Por Silvia Bessa
Estávamos diante do corpo de Camila – uma menina de 24 anos, repórter recém-formada que se internou num hospital no primeiro dia de férias, nas primeiras férias dela como jornalista. Chorávamos a futura ausência de Camila, o inconformismo dos mais íntimos diante do triste destino, a fatalidade de um câncer linfático que não lhe deu a chance de lutar mais. Sofríamos a impermanência do ser, a dor da família em torno do caixão que guardava Camila Souza. Compartilhávamos condolências com abraços que nunca demos.
O enxugar de lágrimas de um amigo me fez engolir as minhas: era Wagner Oliveira, repórter policial experiente que já viu um sem número de mortos. Não seria um repórter com essa bagagem blindado de tal emoção?, perguntei-me infantilmente; e talvez muitos perguntariam, assim como nos perguntamos sobre a suposta frieza de médicos para sofrimentos alheios.
Peguei carona de volta à redação no mesmo carro que Wagner e não me contive em ouvi-lo. “Para falar a verdade, lembro de cada corpo que vi e enterro que fui. De cenas de mães, pais e irmãos. O pior momento para mim é o velório. Nos fazem pensar sobre nós mesmos, sobre nossa família”, contou-me, gentilmente explicando sentimentos sob tristeza pessoal.
“Aqui, chorei porque era uma colega de trabalho, alguém que eu conhecia, mas chorei ao ver muitos desconhecidos. Por cada um, sofri por um motivo”, emendou, listando nomes de vítimas – de violência urbana, sobretudo.
Pensei nas poucas vezes em que cumpri a função de repórter policial e do quanto as ocasiões me marcaram.

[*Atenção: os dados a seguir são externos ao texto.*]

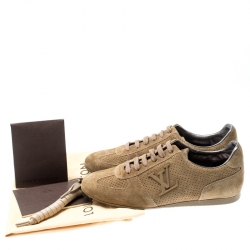 مملوكة مسبقًا Louis Vuitton Beige Perforated Suede Low Top Sneakers Size 36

Das vezes em que fui ao Instituto Médico Legal e do como era difícil abordar famílias num momento de perda, de quando estive em São Luís do Maranhão e entrei na casa da família constrangida para perguntar sobre a doença que acometia o cidadão pelo qual os familiares estavam aturdidos, da vez em que fui cobrir o velório de um vereador do Recife que deixou duas famílias e lamentei estar ali para ver a disputa de poder das duas alas antes do enterro. Do quanto fiquei marcada por esses poucos episódios e do quanto é desafiador ser técnico, profissional e manter a serenidade. Pegar a caneta, anotar frases, engatar uma pergunta útil e narrar o acontecido.

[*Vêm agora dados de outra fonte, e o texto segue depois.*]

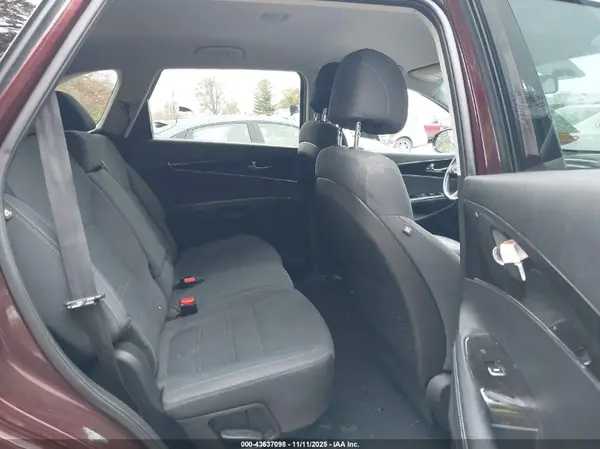 5XYPG4A32HG248637 2017 KIA SORENTO - Image 8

Abatida pela partida de Camila e reflexões sobre os desafios do jornalismo, me deparei com uma definição dada pelo jornalista Paulo Goethe que achei uma das mais precisas dos últimos tempos. Jornalismo, diz ele, é “uma profissão que não se pode parar para chorar suas perdas”. “As notícias cada vez mais urgentes” – continua – competem “pela atenção do leitor nas menos de 24 horas de existência antes da chegada do novo exemplar”. No dia seguinte, lembra Goethe, tem que se começar tudo de novo. “Porque é nosso papel e porque o jornal é feito das vidas das pessoas”.
Não é fácil ser jornalista.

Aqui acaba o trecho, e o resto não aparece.